Some-se a isso uma grande quantidade de produtos, serviços e empresas sem uma base competitiva sólida, que ficam ziguezagueando entre vários caminhos e objetivos, e um número maior do que aceitável de juniores em quase todas as áreas das empresas, que oscilam seu comportamento entre a ignorância da falta de preparo e experiência, uma visão rasa e pouco substanciada de suas funções e tarefas e, não menos prejudicial, muita arrogância sem nenhuma justificativa.

Isso leva a muitas tentativas de reinventar a roda, à adoção de soluções repetitivas, falsamente modernas, e à paixão por novidades ainda pouco substanciais e não consolidadas.

Funcionando como chama e combustível para essa verdadeira badtrip está o fato de que o marketing e a comunicação demandam cada vez mais recursos que, na outra ponta, são mais escassos pela redução da rentabilidade combinada com a maior quantidade de demandas que afetam as empresas.
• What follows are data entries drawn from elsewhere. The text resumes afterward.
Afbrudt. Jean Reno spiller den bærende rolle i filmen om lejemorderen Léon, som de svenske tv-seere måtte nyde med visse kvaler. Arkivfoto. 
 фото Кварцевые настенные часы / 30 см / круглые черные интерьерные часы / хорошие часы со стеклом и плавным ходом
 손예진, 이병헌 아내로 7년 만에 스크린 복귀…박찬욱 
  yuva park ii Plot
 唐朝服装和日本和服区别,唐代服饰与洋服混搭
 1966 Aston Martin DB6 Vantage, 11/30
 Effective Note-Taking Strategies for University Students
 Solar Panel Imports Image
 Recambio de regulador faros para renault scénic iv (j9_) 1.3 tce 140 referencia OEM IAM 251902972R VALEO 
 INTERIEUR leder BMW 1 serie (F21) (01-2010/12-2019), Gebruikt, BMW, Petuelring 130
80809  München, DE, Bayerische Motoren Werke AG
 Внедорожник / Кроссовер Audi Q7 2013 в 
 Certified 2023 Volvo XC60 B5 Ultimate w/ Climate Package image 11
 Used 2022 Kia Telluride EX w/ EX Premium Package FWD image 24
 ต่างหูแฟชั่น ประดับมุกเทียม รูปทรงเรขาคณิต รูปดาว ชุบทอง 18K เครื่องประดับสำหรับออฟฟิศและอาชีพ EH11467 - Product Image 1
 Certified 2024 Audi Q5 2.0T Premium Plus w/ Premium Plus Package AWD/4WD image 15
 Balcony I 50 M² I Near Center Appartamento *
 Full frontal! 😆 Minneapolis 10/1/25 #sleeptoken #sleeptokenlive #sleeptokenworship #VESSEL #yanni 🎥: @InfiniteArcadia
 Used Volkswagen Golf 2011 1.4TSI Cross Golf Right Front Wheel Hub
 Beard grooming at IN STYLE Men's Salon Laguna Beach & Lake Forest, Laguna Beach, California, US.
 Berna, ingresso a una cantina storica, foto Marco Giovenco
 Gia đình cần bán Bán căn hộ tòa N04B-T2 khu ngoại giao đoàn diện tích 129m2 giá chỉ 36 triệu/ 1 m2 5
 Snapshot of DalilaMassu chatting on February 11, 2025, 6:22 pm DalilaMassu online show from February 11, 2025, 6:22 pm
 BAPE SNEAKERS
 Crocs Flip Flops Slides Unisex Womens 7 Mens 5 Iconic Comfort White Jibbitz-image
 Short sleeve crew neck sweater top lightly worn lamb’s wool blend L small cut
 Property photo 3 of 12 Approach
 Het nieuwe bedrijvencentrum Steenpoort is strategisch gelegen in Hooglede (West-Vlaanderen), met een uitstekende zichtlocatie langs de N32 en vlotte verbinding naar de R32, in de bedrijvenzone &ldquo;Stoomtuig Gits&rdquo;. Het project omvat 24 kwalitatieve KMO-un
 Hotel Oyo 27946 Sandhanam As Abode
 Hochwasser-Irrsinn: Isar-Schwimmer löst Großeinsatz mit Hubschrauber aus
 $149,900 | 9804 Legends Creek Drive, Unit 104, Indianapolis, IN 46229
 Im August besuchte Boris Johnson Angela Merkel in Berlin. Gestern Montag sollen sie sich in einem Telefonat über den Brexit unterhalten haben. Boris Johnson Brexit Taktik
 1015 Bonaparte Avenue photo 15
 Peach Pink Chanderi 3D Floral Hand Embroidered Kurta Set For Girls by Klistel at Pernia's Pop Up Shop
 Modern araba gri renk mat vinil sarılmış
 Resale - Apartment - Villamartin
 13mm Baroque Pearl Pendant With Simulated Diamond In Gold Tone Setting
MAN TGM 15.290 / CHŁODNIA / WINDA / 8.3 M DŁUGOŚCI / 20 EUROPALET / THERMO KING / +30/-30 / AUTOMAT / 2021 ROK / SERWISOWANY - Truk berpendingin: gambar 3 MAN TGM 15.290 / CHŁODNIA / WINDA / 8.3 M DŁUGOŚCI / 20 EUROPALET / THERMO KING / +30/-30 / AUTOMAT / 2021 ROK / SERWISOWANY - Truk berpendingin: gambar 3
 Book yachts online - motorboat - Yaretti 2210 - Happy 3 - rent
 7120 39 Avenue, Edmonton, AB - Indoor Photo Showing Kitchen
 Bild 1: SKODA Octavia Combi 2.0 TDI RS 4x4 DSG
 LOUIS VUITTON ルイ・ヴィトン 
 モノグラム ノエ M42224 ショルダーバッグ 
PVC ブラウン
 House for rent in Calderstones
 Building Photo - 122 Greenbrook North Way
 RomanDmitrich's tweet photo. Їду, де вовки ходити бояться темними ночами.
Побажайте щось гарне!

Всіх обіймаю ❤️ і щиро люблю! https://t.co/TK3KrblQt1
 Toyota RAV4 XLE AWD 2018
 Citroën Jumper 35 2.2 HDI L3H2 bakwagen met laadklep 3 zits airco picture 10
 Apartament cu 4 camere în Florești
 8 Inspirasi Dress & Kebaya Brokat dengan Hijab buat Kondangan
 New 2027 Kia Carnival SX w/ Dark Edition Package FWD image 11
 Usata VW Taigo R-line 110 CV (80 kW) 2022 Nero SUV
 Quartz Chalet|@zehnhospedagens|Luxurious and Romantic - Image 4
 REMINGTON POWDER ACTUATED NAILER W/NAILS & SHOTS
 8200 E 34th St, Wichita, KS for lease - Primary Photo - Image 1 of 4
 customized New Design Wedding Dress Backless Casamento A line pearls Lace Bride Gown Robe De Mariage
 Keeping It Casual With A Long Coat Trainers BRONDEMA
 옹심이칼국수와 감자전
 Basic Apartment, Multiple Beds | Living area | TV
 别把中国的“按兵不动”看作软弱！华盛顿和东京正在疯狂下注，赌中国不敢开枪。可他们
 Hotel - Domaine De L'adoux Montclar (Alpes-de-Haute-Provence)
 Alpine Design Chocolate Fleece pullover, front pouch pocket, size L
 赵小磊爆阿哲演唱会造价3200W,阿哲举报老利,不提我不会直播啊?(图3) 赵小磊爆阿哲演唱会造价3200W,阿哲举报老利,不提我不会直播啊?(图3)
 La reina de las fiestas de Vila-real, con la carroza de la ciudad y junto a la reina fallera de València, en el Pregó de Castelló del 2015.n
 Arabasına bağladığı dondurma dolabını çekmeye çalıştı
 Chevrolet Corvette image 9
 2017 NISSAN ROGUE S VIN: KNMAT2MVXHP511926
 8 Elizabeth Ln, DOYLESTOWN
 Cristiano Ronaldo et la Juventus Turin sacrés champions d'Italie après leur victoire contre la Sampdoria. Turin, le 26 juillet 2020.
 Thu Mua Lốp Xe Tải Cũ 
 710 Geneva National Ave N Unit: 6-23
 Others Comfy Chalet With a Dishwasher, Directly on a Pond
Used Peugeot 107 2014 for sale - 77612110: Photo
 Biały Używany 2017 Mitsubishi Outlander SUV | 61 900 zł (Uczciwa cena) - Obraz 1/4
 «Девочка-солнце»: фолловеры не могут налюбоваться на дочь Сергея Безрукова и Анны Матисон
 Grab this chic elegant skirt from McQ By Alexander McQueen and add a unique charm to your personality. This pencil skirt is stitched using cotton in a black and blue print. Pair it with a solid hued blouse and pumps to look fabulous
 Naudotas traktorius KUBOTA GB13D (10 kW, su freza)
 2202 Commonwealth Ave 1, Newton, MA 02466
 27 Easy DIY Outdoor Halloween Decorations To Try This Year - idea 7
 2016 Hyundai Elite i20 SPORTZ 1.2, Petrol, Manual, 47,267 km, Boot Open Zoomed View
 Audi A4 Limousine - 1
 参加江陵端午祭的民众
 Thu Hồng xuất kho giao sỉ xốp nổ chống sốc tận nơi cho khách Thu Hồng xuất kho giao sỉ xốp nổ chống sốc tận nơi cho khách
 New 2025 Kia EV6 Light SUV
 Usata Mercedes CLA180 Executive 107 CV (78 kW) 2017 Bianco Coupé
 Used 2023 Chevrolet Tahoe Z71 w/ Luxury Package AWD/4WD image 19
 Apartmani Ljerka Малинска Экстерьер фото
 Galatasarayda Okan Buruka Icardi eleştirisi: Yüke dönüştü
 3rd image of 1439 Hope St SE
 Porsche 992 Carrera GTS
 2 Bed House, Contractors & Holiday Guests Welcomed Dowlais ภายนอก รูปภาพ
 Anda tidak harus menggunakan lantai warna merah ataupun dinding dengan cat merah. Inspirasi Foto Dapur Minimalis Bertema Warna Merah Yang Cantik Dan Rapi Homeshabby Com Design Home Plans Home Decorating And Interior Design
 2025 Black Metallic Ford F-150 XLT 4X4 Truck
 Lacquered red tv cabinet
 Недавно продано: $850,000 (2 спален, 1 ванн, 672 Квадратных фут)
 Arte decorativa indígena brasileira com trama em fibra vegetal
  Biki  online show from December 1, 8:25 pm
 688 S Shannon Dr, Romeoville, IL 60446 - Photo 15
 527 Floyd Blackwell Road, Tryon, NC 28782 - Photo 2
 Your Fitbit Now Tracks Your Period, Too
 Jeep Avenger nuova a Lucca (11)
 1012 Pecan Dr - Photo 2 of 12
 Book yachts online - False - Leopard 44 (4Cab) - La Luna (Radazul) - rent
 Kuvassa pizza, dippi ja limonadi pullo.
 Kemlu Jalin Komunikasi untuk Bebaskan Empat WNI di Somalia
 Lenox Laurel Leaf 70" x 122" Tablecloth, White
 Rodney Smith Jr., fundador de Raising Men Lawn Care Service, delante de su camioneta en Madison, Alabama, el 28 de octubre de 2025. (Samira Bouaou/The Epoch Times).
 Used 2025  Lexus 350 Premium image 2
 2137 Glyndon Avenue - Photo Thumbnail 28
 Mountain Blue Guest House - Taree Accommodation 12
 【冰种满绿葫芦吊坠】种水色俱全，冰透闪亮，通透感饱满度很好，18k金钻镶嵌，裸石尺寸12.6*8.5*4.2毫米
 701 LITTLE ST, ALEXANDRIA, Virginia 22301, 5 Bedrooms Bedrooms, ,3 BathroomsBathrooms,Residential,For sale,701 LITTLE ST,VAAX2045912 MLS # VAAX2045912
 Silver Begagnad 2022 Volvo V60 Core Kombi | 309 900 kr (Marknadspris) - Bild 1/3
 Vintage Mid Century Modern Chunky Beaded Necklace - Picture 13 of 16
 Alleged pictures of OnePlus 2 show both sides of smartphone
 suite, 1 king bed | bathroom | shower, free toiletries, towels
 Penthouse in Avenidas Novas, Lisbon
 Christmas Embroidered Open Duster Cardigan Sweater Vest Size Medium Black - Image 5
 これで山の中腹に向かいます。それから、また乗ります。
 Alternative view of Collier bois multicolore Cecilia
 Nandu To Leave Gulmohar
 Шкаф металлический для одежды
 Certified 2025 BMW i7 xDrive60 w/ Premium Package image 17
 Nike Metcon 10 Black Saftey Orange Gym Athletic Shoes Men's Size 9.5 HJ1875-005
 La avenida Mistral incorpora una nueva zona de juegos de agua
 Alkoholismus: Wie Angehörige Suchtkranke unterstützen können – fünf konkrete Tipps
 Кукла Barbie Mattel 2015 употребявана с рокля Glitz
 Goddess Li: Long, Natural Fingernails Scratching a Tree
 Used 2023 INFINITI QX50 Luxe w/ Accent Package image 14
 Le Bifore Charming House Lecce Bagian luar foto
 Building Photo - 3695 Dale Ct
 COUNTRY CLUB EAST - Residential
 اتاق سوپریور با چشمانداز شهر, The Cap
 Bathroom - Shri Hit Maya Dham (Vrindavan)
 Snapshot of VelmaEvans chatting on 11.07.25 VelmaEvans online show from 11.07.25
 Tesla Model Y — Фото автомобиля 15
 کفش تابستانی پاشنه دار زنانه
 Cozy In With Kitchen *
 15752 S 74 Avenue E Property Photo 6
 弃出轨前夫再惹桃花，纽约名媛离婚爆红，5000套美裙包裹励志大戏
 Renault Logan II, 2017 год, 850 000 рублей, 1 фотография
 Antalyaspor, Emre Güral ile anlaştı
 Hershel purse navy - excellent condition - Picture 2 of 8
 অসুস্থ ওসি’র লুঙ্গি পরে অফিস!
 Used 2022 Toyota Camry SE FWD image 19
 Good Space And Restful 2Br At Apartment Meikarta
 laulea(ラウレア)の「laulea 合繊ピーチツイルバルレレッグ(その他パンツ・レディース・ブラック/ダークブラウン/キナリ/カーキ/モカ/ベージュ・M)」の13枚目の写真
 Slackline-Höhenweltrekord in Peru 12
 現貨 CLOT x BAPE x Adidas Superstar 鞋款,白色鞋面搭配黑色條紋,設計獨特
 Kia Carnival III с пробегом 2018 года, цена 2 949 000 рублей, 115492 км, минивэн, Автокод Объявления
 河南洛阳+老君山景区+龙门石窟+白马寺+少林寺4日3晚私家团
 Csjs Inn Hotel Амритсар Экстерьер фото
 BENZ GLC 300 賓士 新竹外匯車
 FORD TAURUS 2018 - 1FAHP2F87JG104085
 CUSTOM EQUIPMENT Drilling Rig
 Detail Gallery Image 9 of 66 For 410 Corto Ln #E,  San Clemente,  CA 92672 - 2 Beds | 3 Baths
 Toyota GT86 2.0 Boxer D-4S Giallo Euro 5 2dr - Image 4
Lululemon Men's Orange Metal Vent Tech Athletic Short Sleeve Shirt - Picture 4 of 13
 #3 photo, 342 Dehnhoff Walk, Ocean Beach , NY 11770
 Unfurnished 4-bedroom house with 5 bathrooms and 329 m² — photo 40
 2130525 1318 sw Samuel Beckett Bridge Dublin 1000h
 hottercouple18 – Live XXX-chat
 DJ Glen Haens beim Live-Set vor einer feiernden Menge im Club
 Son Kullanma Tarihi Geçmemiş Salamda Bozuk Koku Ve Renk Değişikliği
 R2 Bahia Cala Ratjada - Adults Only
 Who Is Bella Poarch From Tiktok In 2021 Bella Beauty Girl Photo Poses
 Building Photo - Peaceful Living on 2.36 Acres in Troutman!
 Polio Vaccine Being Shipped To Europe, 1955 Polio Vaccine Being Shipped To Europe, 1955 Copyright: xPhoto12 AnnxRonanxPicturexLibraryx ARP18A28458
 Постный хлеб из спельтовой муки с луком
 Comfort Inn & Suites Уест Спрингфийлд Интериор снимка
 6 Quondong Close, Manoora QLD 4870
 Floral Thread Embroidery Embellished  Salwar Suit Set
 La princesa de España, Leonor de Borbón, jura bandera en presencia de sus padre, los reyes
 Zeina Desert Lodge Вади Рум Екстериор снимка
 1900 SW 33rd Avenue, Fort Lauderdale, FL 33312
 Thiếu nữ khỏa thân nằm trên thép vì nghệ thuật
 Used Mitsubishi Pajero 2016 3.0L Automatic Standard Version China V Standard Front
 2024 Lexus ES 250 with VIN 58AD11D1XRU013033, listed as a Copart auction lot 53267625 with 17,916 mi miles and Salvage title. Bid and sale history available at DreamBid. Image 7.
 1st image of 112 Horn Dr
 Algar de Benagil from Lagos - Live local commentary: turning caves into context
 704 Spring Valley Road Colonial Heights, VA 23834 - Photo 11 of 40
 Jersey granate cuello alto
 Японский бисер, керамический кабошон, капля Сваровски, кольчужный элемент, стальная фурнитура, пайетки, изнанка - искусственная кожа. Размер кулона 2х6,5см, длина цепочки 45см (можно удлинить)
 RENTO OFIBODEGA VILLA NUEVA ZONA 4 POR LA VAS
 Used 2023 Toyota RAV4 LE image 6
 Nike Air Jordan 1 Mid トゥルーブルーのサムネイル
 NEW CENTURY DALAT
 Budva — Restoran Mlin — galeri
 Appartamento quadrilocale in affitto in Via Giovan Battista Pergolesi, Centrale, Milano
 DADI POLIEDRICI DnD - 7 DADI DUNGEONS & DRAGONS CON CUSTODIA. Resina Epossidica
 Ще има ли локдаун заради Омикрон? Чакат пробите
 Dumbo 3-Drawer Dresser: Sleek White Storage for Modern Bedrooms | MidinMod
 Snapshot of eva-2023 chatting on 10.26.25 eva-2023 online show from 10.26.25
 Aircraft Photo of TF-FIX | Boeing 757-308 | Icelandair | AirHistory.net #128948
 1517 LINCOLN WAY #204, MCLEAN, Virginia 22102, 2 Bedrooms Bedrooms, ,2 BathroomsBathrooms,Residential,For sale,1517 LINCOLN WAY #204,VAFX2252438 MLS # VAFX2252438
Isso dentro de um contexto no qual a competição direta e indireta é cada dia maior e os consumidores estão mais espertos, mais emponderados e até mais hostis.
Tem-se, assim, o caldo de cultura ideal para surgimento e expansão dos problemas acima descritos, que se traduzem em produtos/serviços que tentam compensar a falta de competitividade real com malabarismos como as chamadas “experiências” e a customização cosmética, trocando-se a disciplina evolutiva das competências pelo wish ful thinking das pirotecnias mágicas.

Do lado da comunicação, tenta-se a mágica de trocar publicidade pertinente, criativa e bem produzida por experiências de crowdsourcing, native advertising e outros truques semelhantes. Sob o aspecto da mídia, retira-se recursos das opções consolidadas e comprovadas para se arriscar na terra incognitados influenciadores digitais, das incontroláveis redes sociais, da economia porca das compras programáticas e do pântano das fraudes que apresentam uma fatura de resultados não comprováveis.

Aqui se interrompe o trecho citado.